*TASK:* Starting with the line that has "DeWalt DCMHT563P1-QW product in use" and finishing with the line that has "17205 Adlong School Road", set down each line below exactly. Pictures are not copied.

*EXTRACTED ENTRIES:*
***
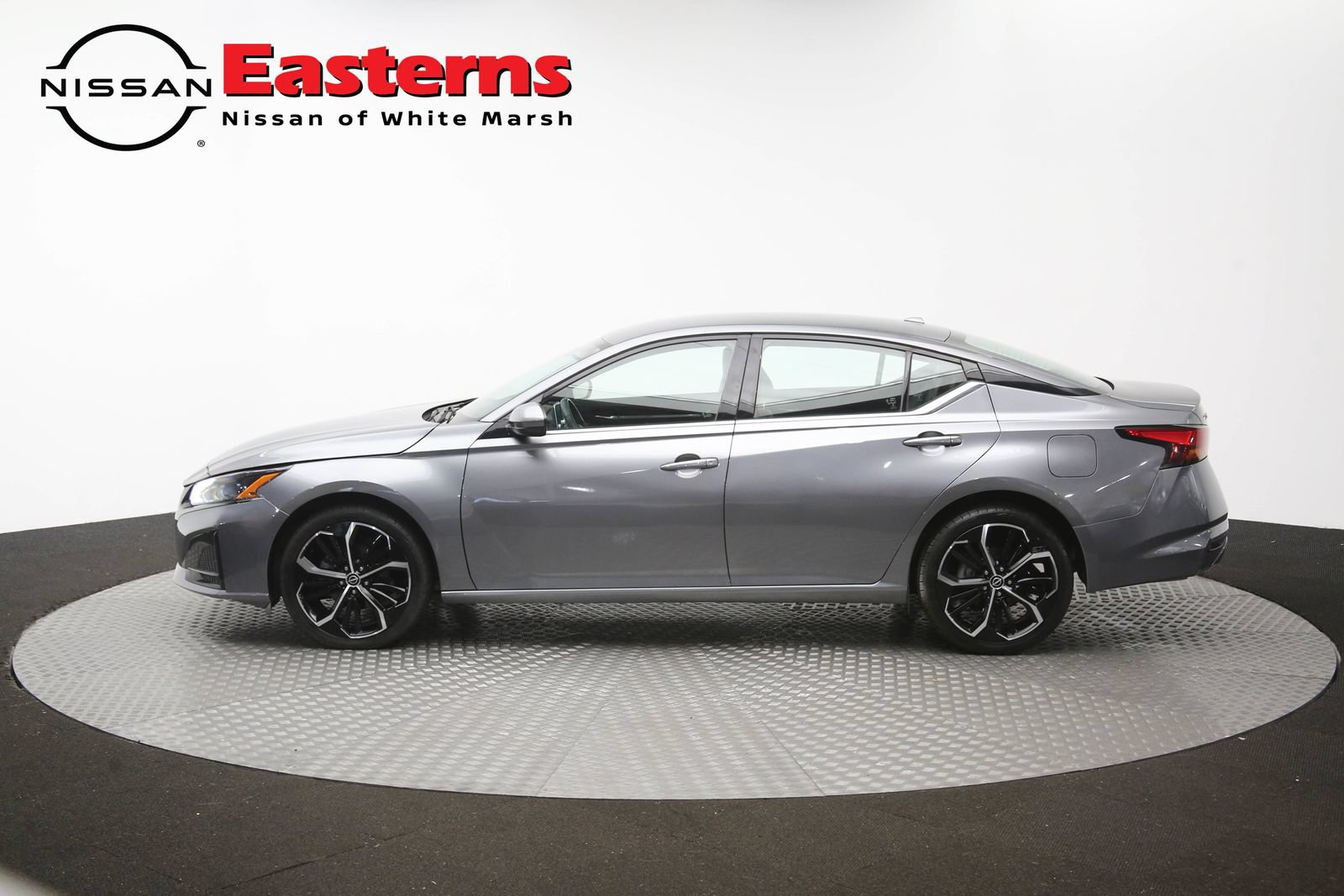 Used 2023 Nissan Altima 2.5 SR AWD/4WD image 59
***
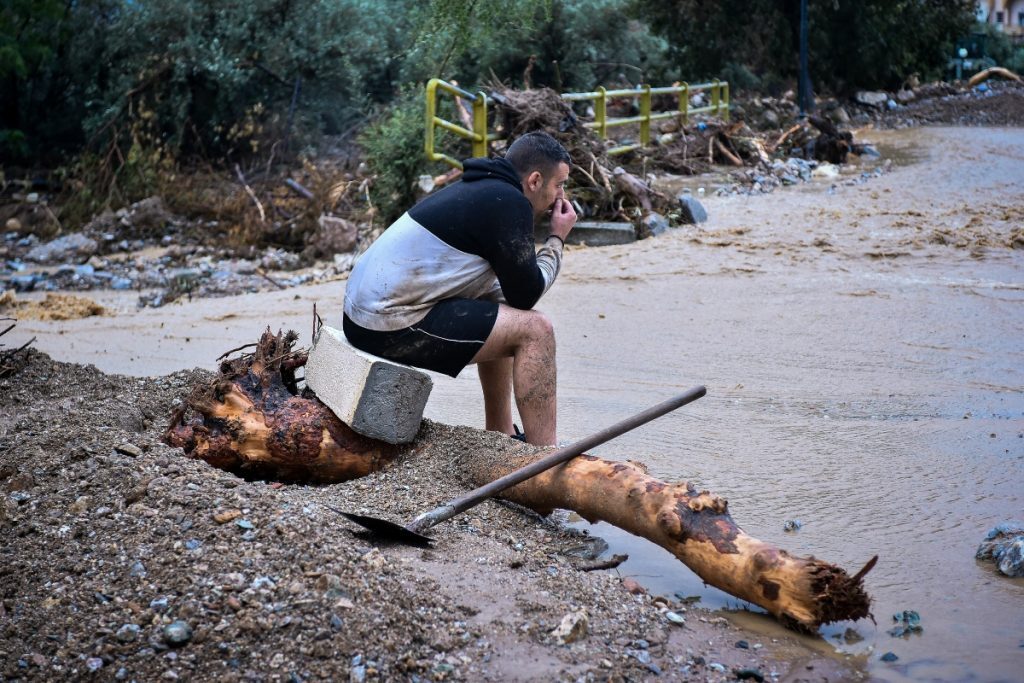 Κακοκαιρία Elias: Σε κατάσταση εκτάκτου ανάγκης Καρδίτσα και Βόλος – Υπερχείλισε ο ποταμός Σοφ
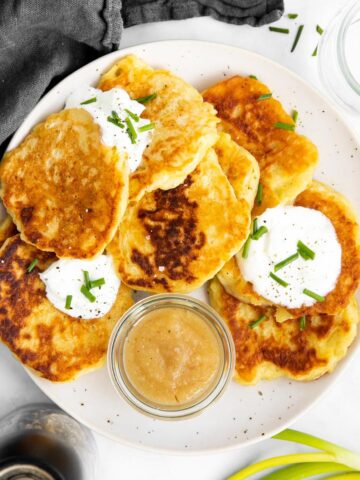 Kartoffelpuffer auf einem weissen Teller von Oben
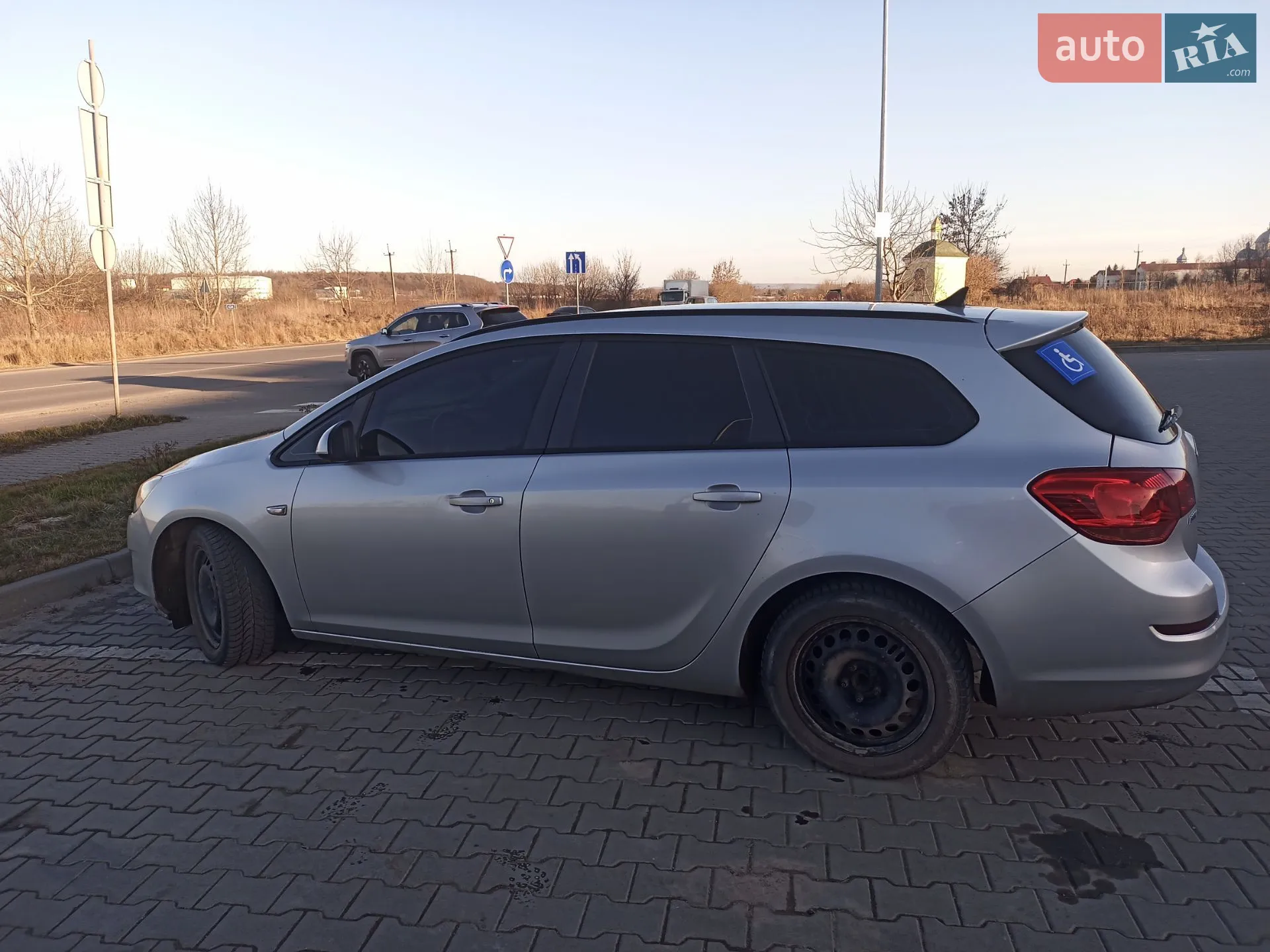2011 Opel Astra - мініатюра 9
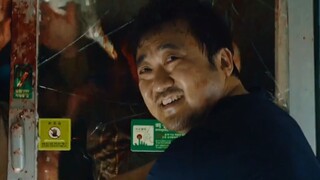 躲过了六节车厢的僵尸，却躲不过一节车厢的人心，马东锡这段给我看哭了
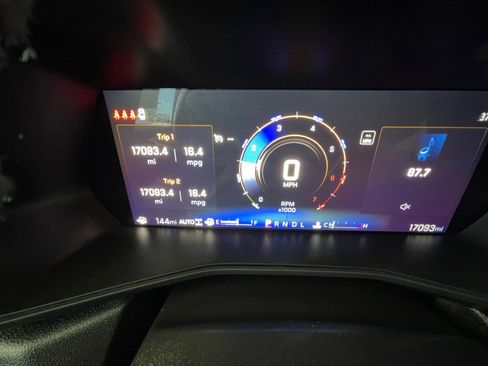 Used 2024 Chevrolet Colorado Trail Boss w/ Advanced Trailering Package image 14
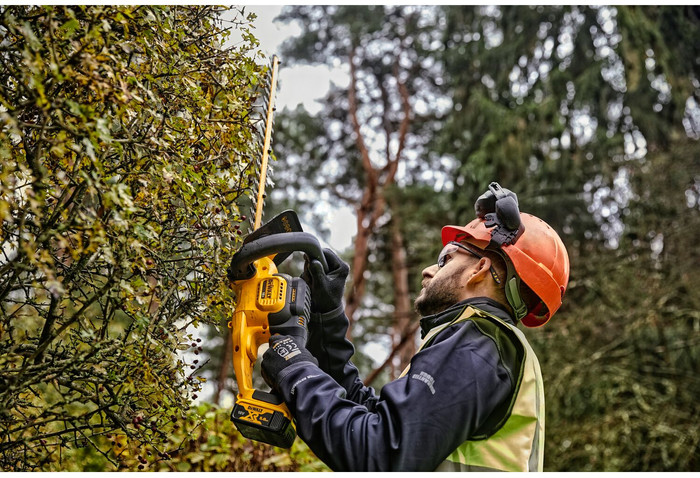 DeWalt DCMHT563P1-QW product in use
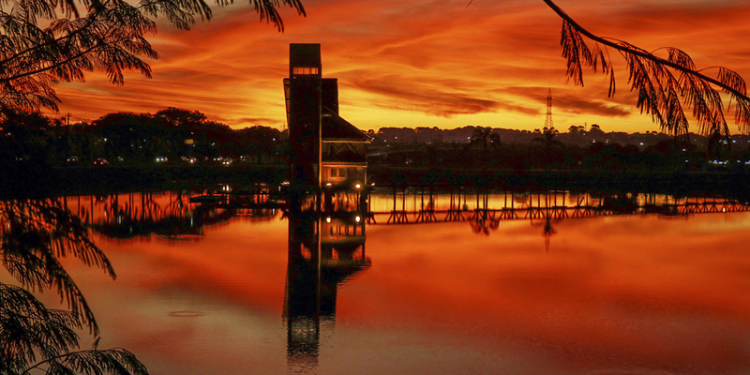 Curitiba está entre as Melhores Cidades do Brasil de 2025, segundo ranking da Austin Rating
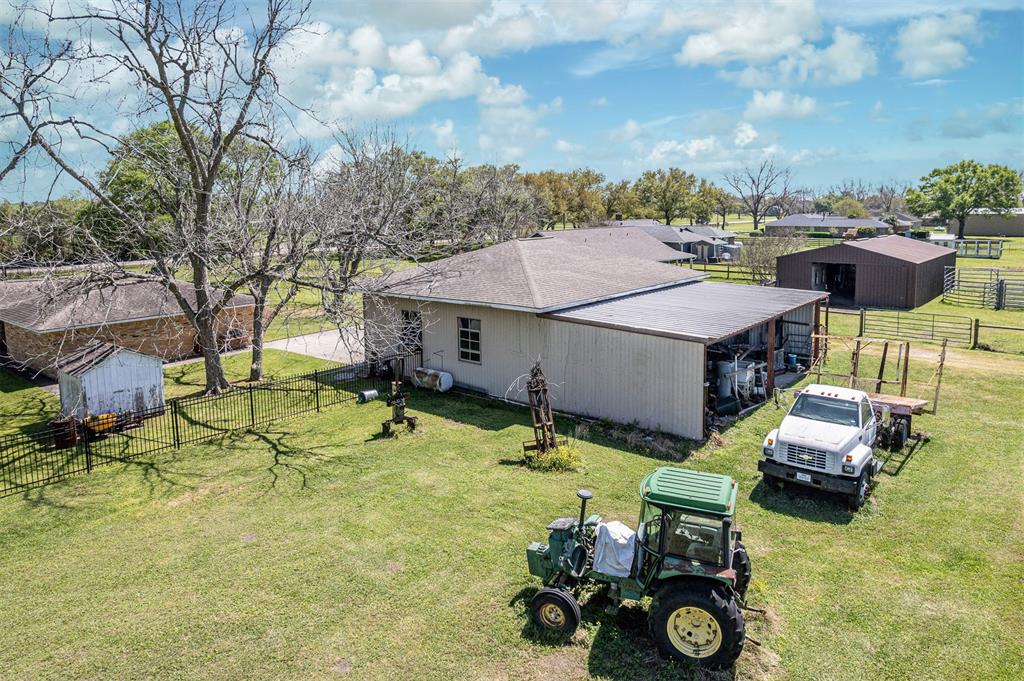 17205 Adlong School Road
***
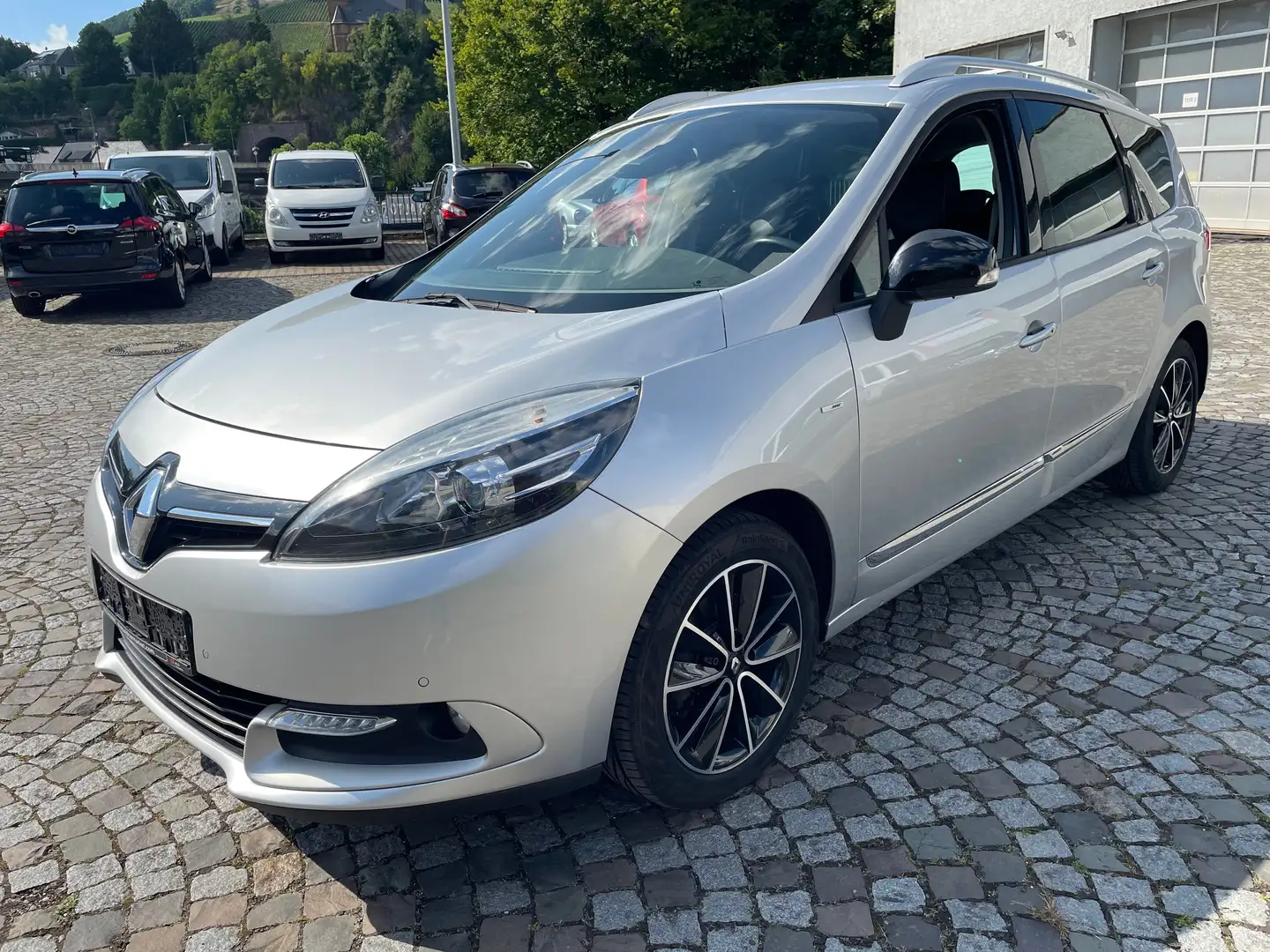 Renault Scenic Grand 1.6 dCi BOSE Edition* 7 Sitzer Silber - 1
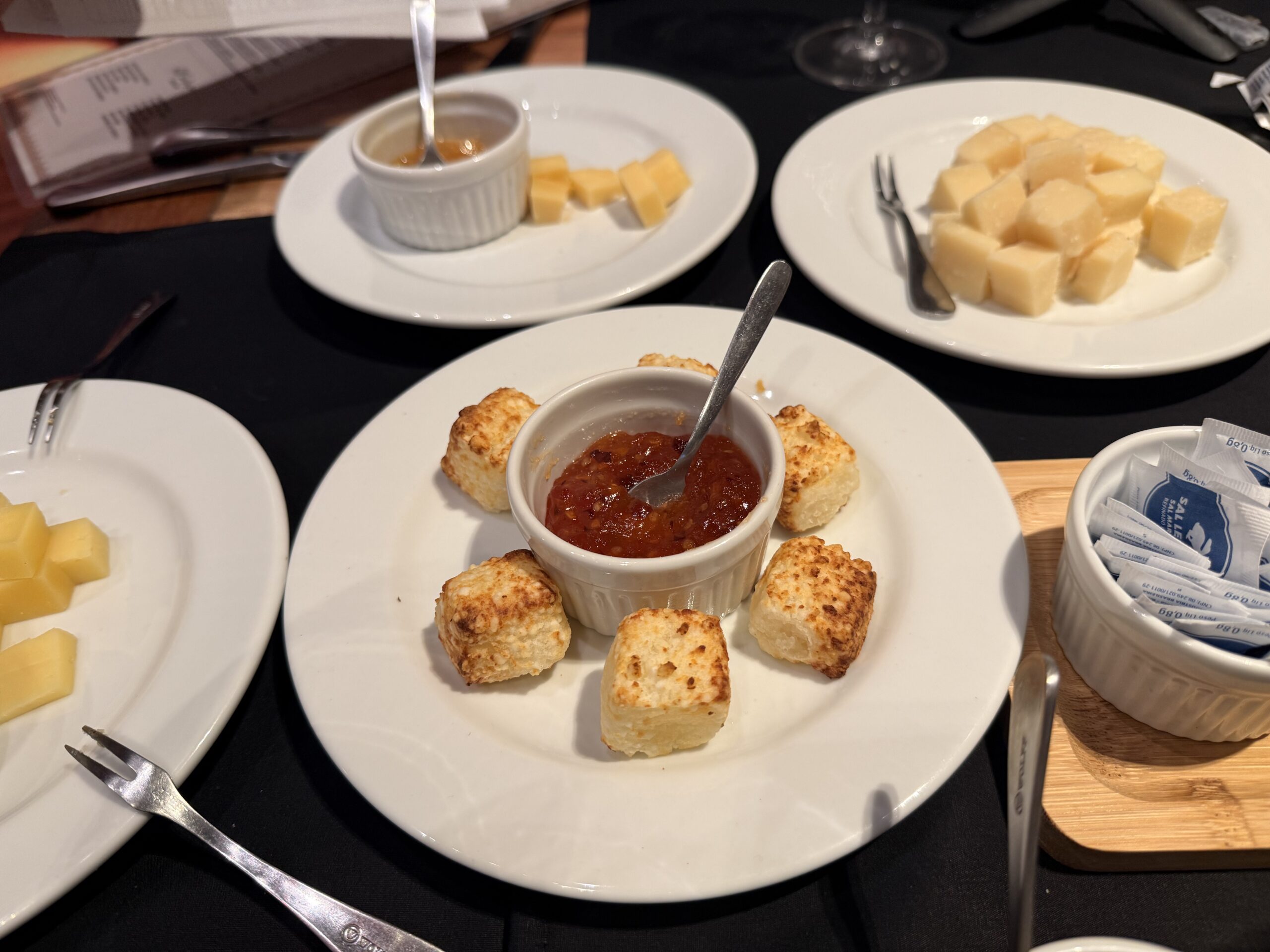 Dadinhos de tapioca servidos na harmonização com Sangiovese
***
*RESPONSE:*
 DeWalt DCMHT563P1-QW product in use
 Curitiba está entre as Melhores Cidades do Brasil de 2025, segundo ranking da Austin Rating
 17205 Adlong School Road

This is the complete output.